Grand Risings Farm is fundraising for a small summer CSA that will bring their produce to families in both Minneapolis and Sandstone. Harut practices regenerative farming—she composts and ferments the soil and avoids tilling, to help nurture the land’s natural microbial ecosystem. “The soil is struggling right now, after industrialization and colonization took over,” says Harut. “The term regenerative agriculture, which really just means what our ancestors were doing before industrialization, is really important for our world, for our society, for our Earth, for us to continue to sustain food.”

Courtesy of Grand Risings Farm
Grand Risings Farm
Harut’s farming inspiration comes from her mother, Angela Dawson, who runs 40 Acre Co-op on the same farmland in Sandstone. That name is a reference to the order made by Union General William T. Sherman to grant formerly enslaved people 40 acres and a mule at the end of the Civil War—a promise that was never delivered. Harut and Dawson are part of a growing national movement to secure land access and economic viability for Black farmers, working alongside Indigenous farmers who have a related history of land theft, and other farmers of color.
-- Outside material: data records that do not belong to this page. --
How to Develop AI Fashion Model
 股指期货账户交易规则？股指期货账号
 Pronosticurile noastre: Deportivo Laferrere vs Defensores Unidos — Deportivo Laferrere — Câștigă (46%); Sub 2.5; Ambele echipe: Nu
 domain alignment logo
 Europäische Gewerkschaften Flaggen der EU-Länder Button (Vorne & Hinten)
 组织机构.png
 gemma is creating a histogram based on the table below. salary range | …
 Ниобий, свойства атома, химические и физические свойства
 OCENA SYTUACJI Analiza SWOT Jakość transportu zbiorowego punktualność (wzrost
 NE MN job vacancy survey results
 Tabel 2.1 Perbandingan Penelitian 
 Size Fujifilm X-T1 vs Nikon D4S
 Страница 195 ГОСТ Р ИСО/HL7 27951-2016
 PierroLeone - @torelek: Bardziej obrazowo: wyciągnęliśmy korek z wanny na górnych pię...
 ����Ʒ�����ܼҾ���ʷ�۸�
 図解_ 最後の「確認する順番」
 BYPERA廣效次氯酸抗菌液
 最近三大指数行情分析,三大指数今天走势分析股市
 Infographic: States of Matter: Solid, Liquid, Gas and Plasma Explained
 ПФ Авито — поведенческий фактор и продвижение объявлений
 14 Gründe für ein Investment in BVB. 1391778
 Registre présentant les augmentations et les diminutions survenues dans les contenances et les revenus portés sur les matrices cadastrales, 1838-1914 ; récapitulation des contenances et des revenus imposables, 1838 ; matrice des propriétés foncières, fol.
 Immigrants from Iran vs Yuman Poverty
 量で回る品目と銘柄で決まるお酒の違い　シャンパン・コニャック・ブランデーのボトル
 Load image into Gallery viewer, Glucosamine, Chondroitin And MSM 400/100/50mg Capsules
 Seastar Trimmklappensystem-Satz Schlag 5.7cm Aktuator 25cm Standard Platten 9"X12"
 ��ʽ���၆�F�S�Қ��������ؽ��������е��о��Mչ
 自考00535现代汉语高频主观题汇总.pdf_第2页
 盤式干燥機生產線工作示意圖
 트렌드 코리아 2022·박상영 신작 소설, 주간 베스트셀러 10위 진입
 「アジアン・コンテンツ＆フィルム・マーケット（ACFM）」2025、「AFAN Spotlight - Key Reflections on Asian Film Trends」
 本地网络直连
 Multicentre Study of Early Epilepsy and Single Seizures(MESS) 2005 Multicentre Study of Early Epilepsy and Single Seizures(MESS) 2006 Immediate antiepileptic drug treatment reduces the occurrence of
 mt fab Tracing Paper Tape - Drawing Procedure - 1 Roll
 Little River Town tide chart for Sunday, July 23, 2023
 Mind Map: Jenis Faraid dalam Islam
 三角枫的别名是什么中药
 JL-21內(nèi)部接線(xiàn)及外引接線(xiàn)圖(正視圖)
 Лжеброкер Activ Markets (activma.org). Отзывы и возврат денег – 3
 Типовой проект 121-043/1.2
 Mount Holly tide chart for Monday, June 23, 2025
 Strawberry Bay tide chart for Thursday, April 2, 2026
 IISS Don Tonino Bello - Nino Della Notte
Nationally, about 1.3 percent of farmers are Black. But that percentage is even smaller in Minnesota: according to a recent agricultural census, it’s 0.03 percent. That’s about 55 Black farms out of the state’s nearly 70,000. And disparities in income are enormous: in 2017, the Center for American Progress found that the average full-time Black farmer made $2,408 in income, compared to the average white farmer’s $17,190. This disparity is partly due to the fact that Black farmers’ average acreage is about one-fourth the national average.
There’s a reason for that. In 1910, Black farmers owned 16 to 19 million acres of farmland. A century later, in what The Atlantic’s Vann R. Newkirk II called “The Great Land Robbery,” 98 percent of America’s Black agricultural landowners had been dispossessed of their farms. In the early 20th century, a series of federal homestead acts offered mostly white settlers deeply subsidized land, entrenching white-held titles in American soil. Later—mostly from the 1950s onward—local USDA offices acted as arbiters of land ownership across the country, regularly denying Black farmers credit and loans, forcing many into foreclosure. Their farms were usually bought up by wealthy white landowners, who absorbed them into massive operations. What was once a major lifeway for rural Black communities across the country nearly disappeared. By 1999, white people owned 98 percent of all private American farmland, and 97 percent of its value.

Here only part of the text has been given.